I have a highly detailed SVG (around 100MB) of a world map and I want to scale it up, divide it into tiles (8k res max) and save them as PNGs. The SVG is 1024×1024, I’m doing this process 7 times, each time doubling the resolution.
For this example I’m at level 5, which results in 16 tiles at 8k resolution. It takes around 6 min to generate the tiles and save them to disk with the following script:
const i = 5
const image = sharp(imagePath, { density: 72 * 2 ** i, limitInputPixels: false, unlimited: true })
const { width, height } = await image.metadata()
const chunkCount = Math.ceil(width / maxChunkSize)
const chunkSize = Math.ceil(width / chunkCount)
for (let j = 0; j < chunkCount; j++) {
for (let k = 0; k < chunkCount; k++) {
let left = j * chunkSize
let top = k * chunkSize
image
.clone()
.extract({ left, top, width: chunkSize, height: chunkSize })
.png({ effort: 1 })
.toFile(`${destination}/${j}-${k}.png`)
}
}
I tried using node’s multithreading API:
const workers = []
const maxWorkers = 16
let activeWorkers = 0
const i = 5
const image = sharp(imagePath, { density: 72 * 2 ** i, limitInputPixels: false, unlimited: true })
const { width, height } = await image.metadata()
const chunkCount = Math.ceil(width / maxChunkSize)
const chunkSize = Math.ceil(width / chunkCount)
for (let j = 0; j < chunkCount; j++) {
for (let k = 0; k < chunkCount; k++) {
let left = j * chunkSize
let top = k * chunkSize
workers.push({
worker: new Worker('./workers/processChunk.js'),
data: {
x: j,
y: k,
left,
top,
size: chunkSize,
imagePath,
scale: 2 ** i,
destination: `${destination}/chunks`,
},
})
}
}
while (workers.length > 0) {
if (activeWorkers < maxWorkers) {
const worker = workers.shift()
if (worker) {
activeWorkers++
console.log('Starting worker', worker.data.x, worker.data.y)
worker.worker.postMessage(worker.data)
worker.worker.on('message', (chunk) => {
console.log('Created chunk', chunk.x, chunk.y, 'at', chunk.path)
activeWorkers--
})
}
} else {
await new Promise((resolve) => setTimeout(resolve, 100))
}
}
// Worker script
// Have to load the image with sharp again, because the Sharp object is not serializable
await sharp(imagePath, { density: 72 * scale, limitInputPixels: false, unlimited: true })
.extract({ left, top, width: size, height: size })
.png({ effort: 1 })
.toFile(`${destination}/${x}-${y}.png`)
This cuts the time down to around 4 min.
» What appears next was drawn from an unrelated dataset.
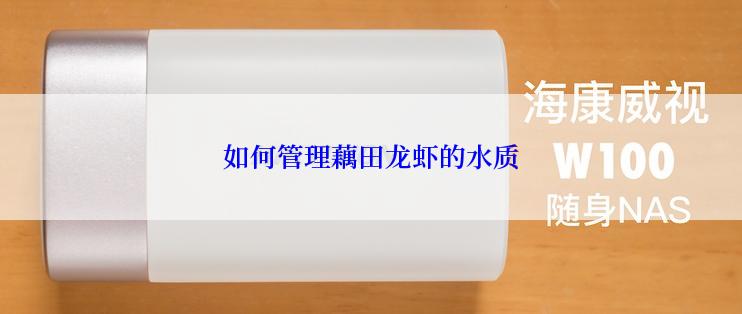 如何管理藕田龙虾的水质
I expected a larger performance gain, but the fact that each worker has to load the SVG and upscale it again slows things down a lot. On scale levels 6 and 7 this takes hours.
With both examples my CPU is chilling at 20-30% usage. I tried with os.setPriority
but it only helped a little bit. Is there a way to further give the script priority?
I can’t load the image only once and pass it to the workers, because it’s a Sharp object and it’s not serializable. I can’t upscale it first and send it, because it will exceed sharp’s pixel limit.
What can I do to optimize the process?